It was only with the 2005 launch of the digital tool Cinemetrics that scholars began to realize the potential of a new approach to film studies made possible through the analysis of rate changes within films. Conceived by Yuri Tsivian and housed at the University of Chicago, Cinemetrics is an open-access, interactive website that collects, stores, and processes data about film editing. It has already emerged as an important forum for the world’s leading film scholars, enabling them to share data and ideas about the statistical analysis of cinema.
Scholars interested in the history and aesthetics of film editing have been analyzing average shot lengths for many years. By dividing the total running time of a film by the total number of shots, they have gleaned useful information about the impact of new film technologies, the evolution of directors’ styles, the range of experimentation across geographies and historical periods, and more. But average shot length reveals nothing about a film’s internal dynamics.
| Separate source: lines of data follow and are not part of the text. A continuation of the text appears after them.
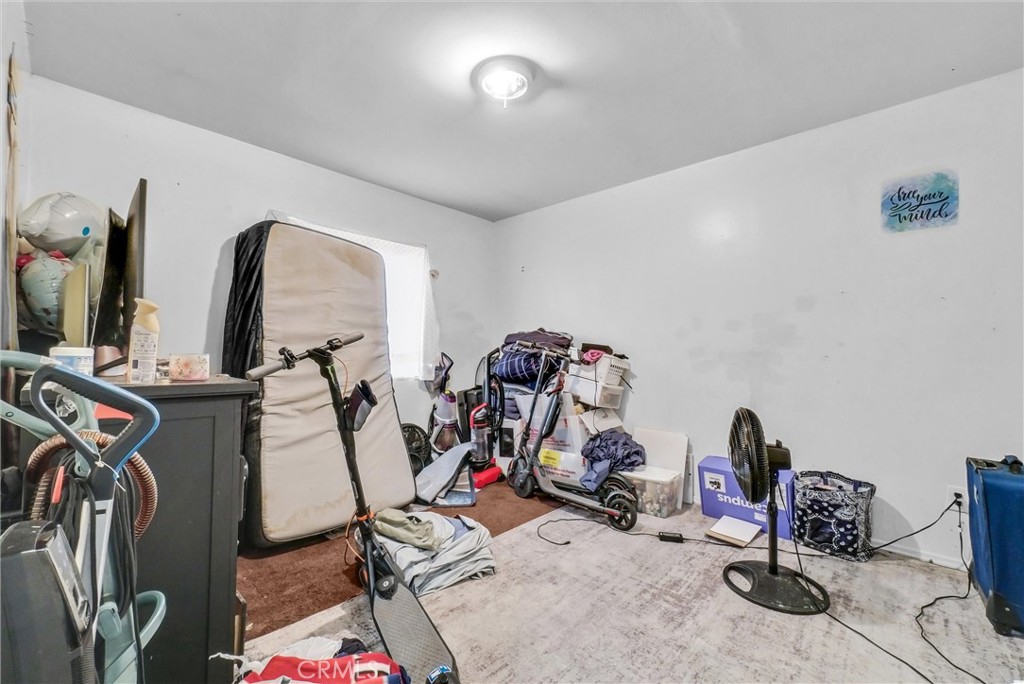 126 W Wabash Street Property Photo 29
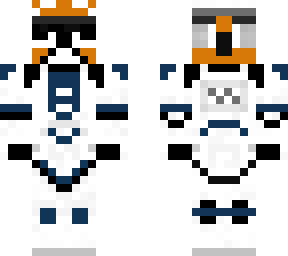 332end idk trooper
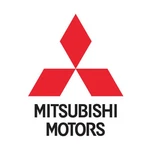 Genuine Mitsubishi Advantage Select RADIATOR1.2L MZ691049 New. Price: $165.33.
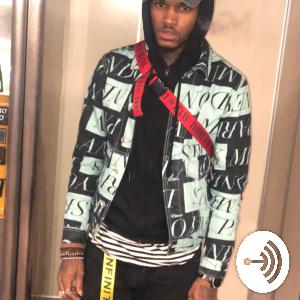 Pvvc ep.2 chris perfect edition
This is where the project’s collaboration among specialists in film, movement, and statistical technologies has broken new ground, positioning film as a key narrative form for the twentieth and twenty-first centuries.
The Cinemetrics Across Boundaries project (2013–2015) began by bringing two Visiting Fellows to campus to collaborate with Tsivian. Daria Khitrova brought the perspective from other similarly meter-driven arts—music, poetry, and dance—to discussion of film, thinking through with Tsivian the shared features of narrative structure and editing techniques and their implications. Michael Baxter, a statistician and quantitative archaeologist, applied statistical methods to early cinema masters D. W. Griffith, Mack Sennett, and Charlie Chaplin. In this way the project added a critical analytical tool for understanding film’s unique capacity to capture qualities of meter and motion, and reveal the editorial choices that shaped film’s early narratives.
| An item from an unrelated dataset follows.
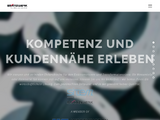https://stanzwerk.com/de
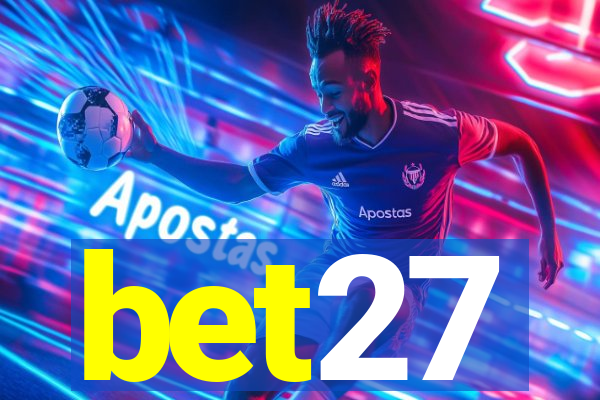 bet27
Tsivian, Khitrova, and Baxter coordinated closely as their research progressed, comparing discipline-specific methods and results. This collaboration has borne fruit in multiple forms that continue to progress, including work on a co-authored book. An early conference organized by project leaders historicized the idea behind quantitative measures of film. As part of the project’s goal to share broadly its findings it held a capstone conference in Chicago, bringing together fifteen international leaders for the first-ever international conference of Cinemetrics scholars. (Supplementary support was provided by the Film Studies Center, the Cinema and Media Studies program, and the Franke Institute for the Humanities.) Conference participants included the world’s most expert Cinemetrics users. Renowned film editor Sandra Adair described in her keynote address the unique continuity challenges she faced while editing twelve continuous years of footage for the critically acclaimed film Boyhood (2014), then recently released. Adair’s participation at this key event in the project not only brought together the worlds of scholarship and artistic practice; she also shared her insights with the next generation of film experts. As part of her master class for undergraduates Adair demonstrated the value of Cinemetrics and other analytical tools that can help young filmmakers improve their editing skills in relation to tempo.
In addition to generating new ideas for the film- making process, the project also explored the role of film in revising our historical understanding of human psychology and the senses. Cornell University psychologist James Cutting gave a talk in which he used Cinemetrics analysis to show how Hollywood films have evolved to align better with human perception and cognition. Cutting looked at factors like motion, cutting rate, and color contrast—all of which correlate with increased attention and all of which, according to his research, have increased in popular movies over time.
In the process of examining film editing and its measure from the larger perspective of human history, the Cinemetrics project formed a new community of inquiry. The project brought together for the first time a large and growing international cohort of scholars and practitioners interested in exploring how this analytical tool can lead to a new understanding of film’s relationship to social change. As the impact of the project’s multiple intensive partnerships continues to unfold, we expect to see the emergence of new practices in filmmaking, and deeper understanding of the ways film reflects and shapes the processes of the human mind.